The wonders of GIMP
I was recently reminded that I should have a “more professional” photograph for work. For those who don’t know, my employer requests that all employee upload a “head shot” to the corporate directory. This photo appears not only in the corporate internet directory but also on in thee “electronic” business card and is often downloaded when new teams are assembled. For a few years, my photo has been a characticture done by a professionally artist.
I decided to get all dressed up (starched shirt and tie) and take my own phot. The only backdrop I had was a blank wall painted in off white.
I loaded the resulting photo into GIMP and did the following …
- make a duplicate layer of my head shot
- add a transparency layer to the duplicate
- hide the original layer
- zoom way in and using a soft edged circle brush and the erase mode, remove everything but my head shot (aka the ‘bust’)
- duplicate this new layer (for safety)
- tune the saturation, brightness, contrast, and sharpness (with the unsharpen mask) until I was happy with the results
- create a blank white layer and move it to the bottom of the stack
- color the background mast to my satisfaction
- duplicate this background layer
- add a weave pattern (or other stylization)

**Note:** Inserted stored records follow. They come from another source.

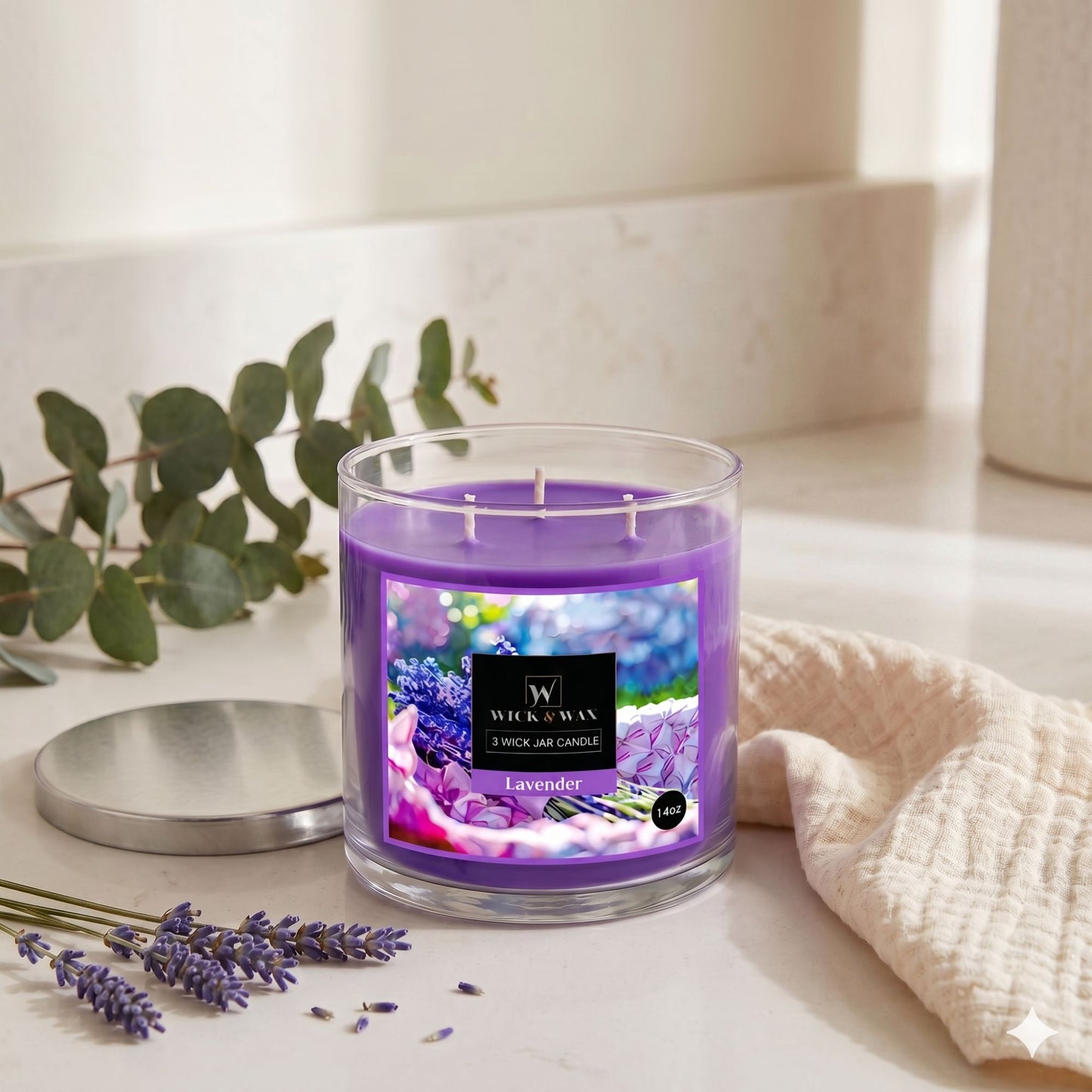 14 oz Wick & Wax Lavender Wick Scented Jar Candle Candles product detail image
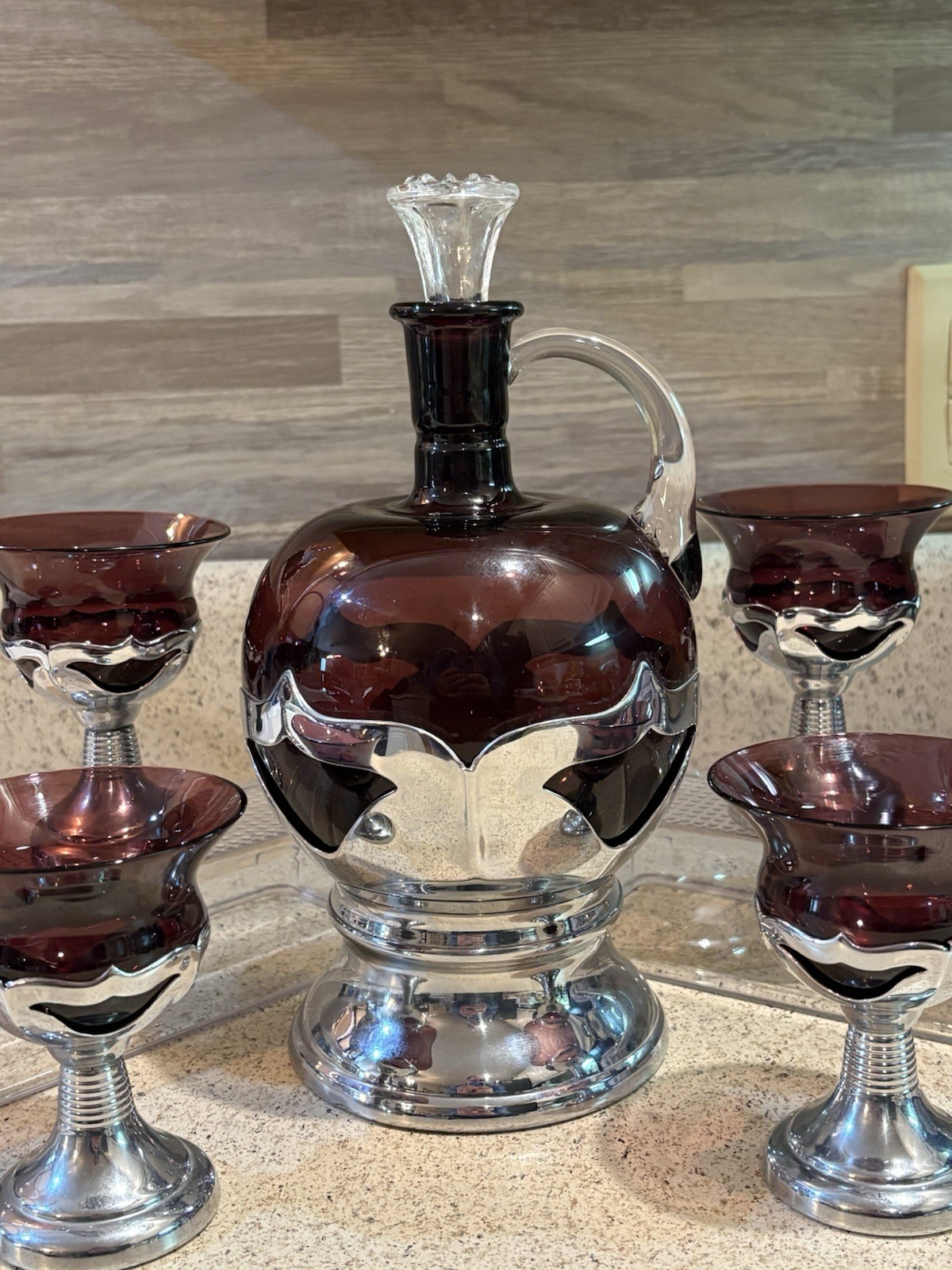 Farber Bros Krome Kraft Amethyst Cocktail Decanter with 6 Glasses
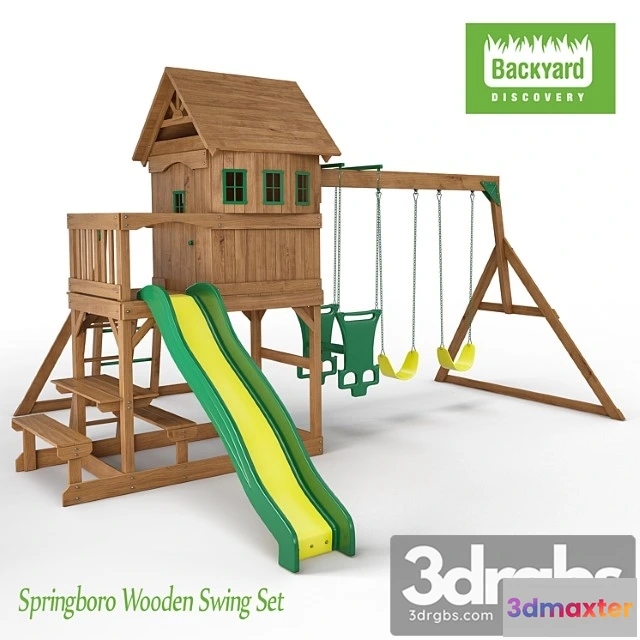 908410 - Springboro Wooden Swing Set
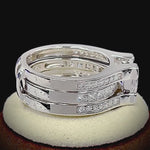 Sterling Silver Princess-Cut 2-Piece CZ Engagement Ring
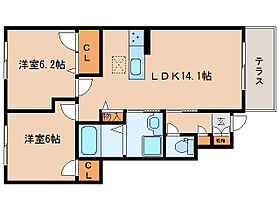 奈良県葛城市北花内（賃貸アパート2LDK・1階・57.60㎡） その2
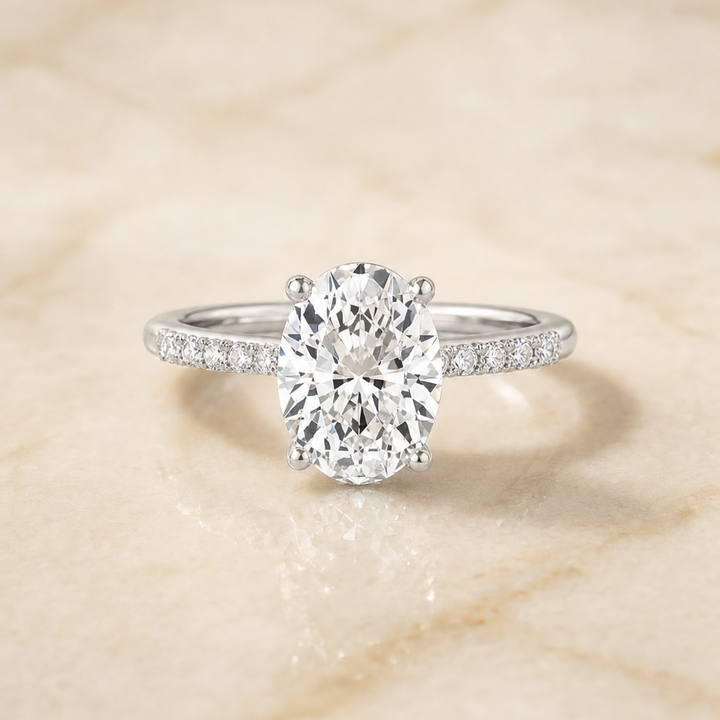 The Abbey Hidden Halo Pavé Oval Engagement Ring Setting in 18K White Gold
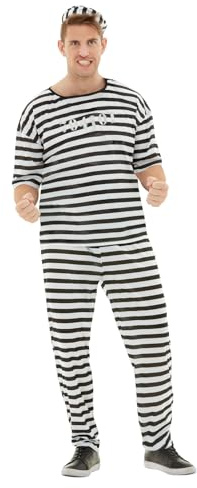 Funidelia Disfraz de prisionero para hombre, Incluye camiseta, pantalón y gorra, Ladrón, Preso - Traje para adultos para fiestas, Carnaval y Halloween - Talla M
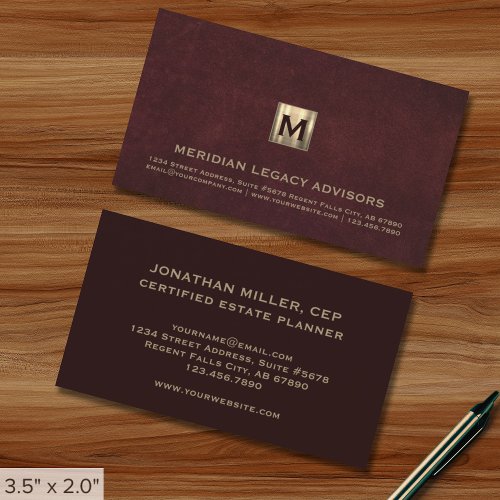 Luxe Monogram Business Card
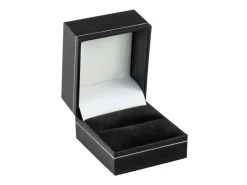 Black Leatherette Ring Box Silver Line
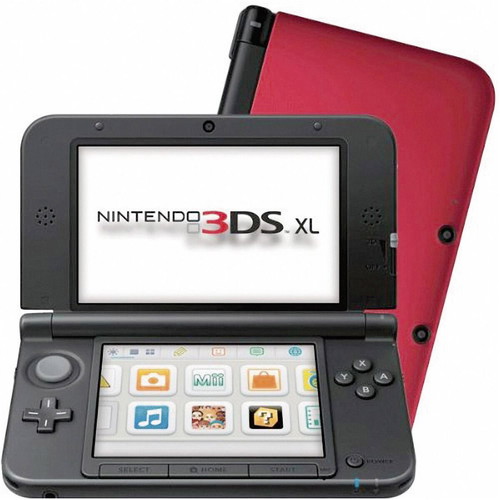 Nintendo 3DS XL console red used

- turn on the background, the weave, and the tuned crop of my head shot
- SAVE
- flatten the image
- scale to a bit bigger than I needed
- crop to the final size
This gave me a head shot that looked professional and one that I could update with different backgrounds as I felt were warranted. I can change the back drop, change the sharpness, scale to different sizes, and change hte color or patter of the background. If I really needed, I could change the background completely.




April 30th, 2008 at 10:06
Nice tie!
Right now I’m viewing the headshot next to the picture of you all suited up for painting. I like the contrasting images.